The International Construction Law Review is the leading authority on international construction law and provides critical information in areas ranging from procurement, project partnering, subcontracting, environmental issues, delay and disruption in construction contracts, trends in dispute resolution and alternatives to the FIDIC conditions.
Edited by Chantal-Aimée Doerries QC and Professor Douglas Jones AO of Atkin Chambers, along with a distinguished editorial advisory board, it provides comprehensive reports and articles which offer in-depth and incisive analysis of the key developments in construction law across the globe. ICLR’s genuinely global perspective is also supported by a team of dedicated international correspondents based in over 20 countries.
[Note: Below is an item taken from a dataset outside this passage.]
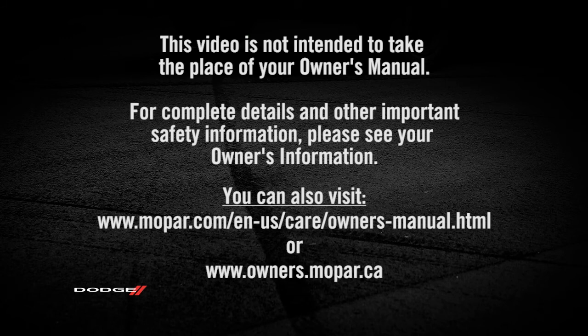This video is not intended to take the place of your Owner's Manual. For complete details and other important safety information, please see your Owner's Information.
Click here for a pdf copy of the Introduction, which is also reprinted below.
The articles in the most recent edition include:
- In memoriam: Jesse Barrett Grove III
- Concurrent analysis of concurrent delay: The approach in England, the UAE, Germany and Brazil
- Triple Point Technology – pointing to confusion
- Australian contractors, owners and banks: Relationships built on trust and security?
- PPP – The keys to success
- White Constructions PTY LTD v PBS Holdings PTY LTD  NSWSC 1166
- BOOK REVIEW – Hudson’s Building and Engineering Contract
INTRODUCTION – The International Construction Law Review Part 2 
We start Part 2 of 2020 by remembering Jesse B Grove III, a distinguished colleague and long-time friend of many of us, who passed away in August 2019. He served on the ICLR’s Editorial Advisory Board for over three decades and will be greatly missed.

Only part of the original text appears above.